Cheaper by the Dozen?

The 12 Children of William Darwin?

 We are beholden to Christopher B. Darwin, who noted in his Descendants of William Darwin an

 unconfirmed report that there were 12 children in the family, the first six having been born in England which would suggest that some of the children died from infant mortality in Virginia.

 As Christopher notes, we are all grateful to Anne McNeil Darwin for running down (in a letter dated 10 February 1993) the following details:

 "Talked to Mrs. Rumble in Macon: Her information comes from the files of the late Maude Thomison of Dayton, Tn. It references bible of Jean Wilkerson, Hickory Grove, S.C. (York County) and the several pageslost in a 1961 fire. She says William (1707) and Jean (Jane) Darwin of Louisa, Va. had 12 children. The first 6 were born in England. They lived at a place called 'Cucoo' on the headwater of Holliwig Creek. JOHN was the first child born in Virginia. He married Jane Bland 19 March 1755. The will of William Darwin was written in old English script."

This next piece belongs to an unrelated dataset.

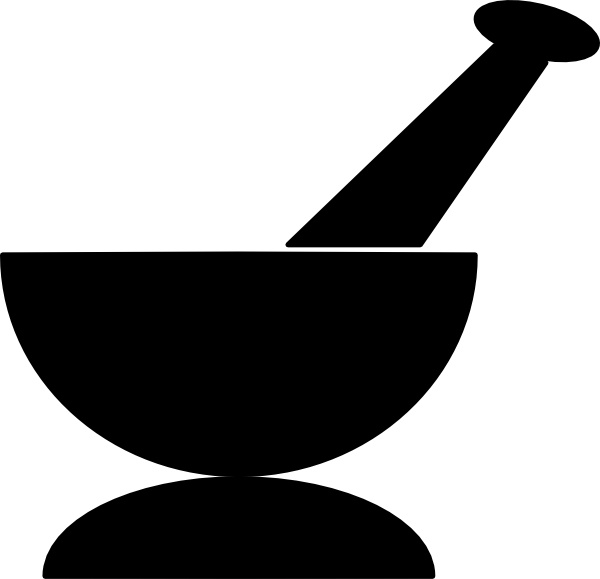 600x579 Mortar And Pestle Clip Art Free Vector In Open Office Drawing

 This is an intriguing tangle of Chinese whispers. The "bible" referred to is unquestionably the incomplete Darwin-Bland "Bible" Record, and tantalisingly appears to preserve some lost information therefrom.

 Moreover, some of the information in this bundle, not derived from the "Bible" record as we have it, is nonetheless altogether sound. Cuckoo (after the name of a local tavern, later associated with the celebrated Jack Jouett) was indeed the name of the locality in Louisa County where William Darwin resided (the local name 'Bumpass' is later), and the local watercourse is indeed Hollowing Creek (as noted in a 1751 map of Louisa County) .

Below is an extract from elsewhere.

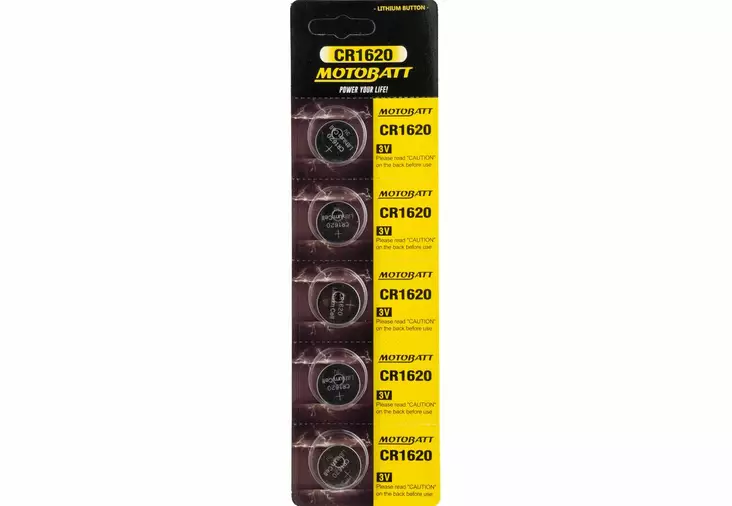 Motobatt CR1620 3.0V Lithium battery (5pcs) - Sähköasennustarvikkeet - D278073 - 1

Clearly, Maude Thomison's source of information for the place names of Cuckoo and Hollowing Creek is accurate, and it may be that this information was derived from a now-lost page of the Darwin-Bland "Bible" Record.

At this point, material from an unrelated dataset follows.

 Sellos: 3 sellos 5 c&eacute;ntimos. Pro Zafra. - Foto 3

 Or: it may be information derived from other sources. And, even if it is indeed from a lost page of the "Bible" record, their are other clear errors in this bundle of information which give pause, to wit:

 

  1. Although there may have been more children born to William and Jane than the 8 we currently know (6 from the Darwin-Bland "Bible" Record, 2 from William's Will), it would be difficult to fit in as many as 4 additional births, in any location. Her 8 known children are born between Jane's ages of 20 to 40, at an average interval of 2.5 years.

 

  1. The notion that John Darwin (born 1755) was the first born in Virginia is clearly an error. William and Jane married (location unknown) in September, 1734, and their first child, Agnes, is born 'right on schedule' 9 months later in June, 1735 (Jane was 20 at the time of this birth). We know from the Hardy - Darwin Lawsuit that William Darwin was already resident in Louisa County in July 1743, so there can be no serious doubt that his sons James (born June 1744), and Bartlett (born 1745/46) were born in Louisa. John's date of birth (which we know from his own hand, in his War Pension Application) was 19 March 1755 -- which appears in the tangled account above as the misplaced date for his marriage.

 

So what are we left with here? In my view:

 

  1. With certainty, we know that an earlier generation of family researchers had a source with some accurate information about the Darwins in Louisa County (the place names Cuckoo and Hollowing Creek).

 

  1. The possibility that that source of information was a page from the "Bible" record, now lost. But there is no necessary indication that was the source.

 

  1. Very low probablity that this additional source (whether a lost "Bible" page or other primary source) indicates as many as 12 children for William and Jane.

 

  1. Very low probabilty that this additional source makes reference to England. Had the claim been for a record making reference to, say, Yorkshire, or some other specific locality, it might be worthy of greater credence.

 

  1. Virtual certainty that such a source could not have specified the 'first 6' children as born in England; as we have seen, at best only the first three may have been born elsewhere than Louisa County, and we have no other source to indicate this.

 

It may be that at least part of this tangled report arises from a misreading of the Darwin-Bland "Bible" record as it stands, perhaps mistaking the list of children of Robert Bland on Quarto A for Darwin offspring? But this is to speculate about speculation!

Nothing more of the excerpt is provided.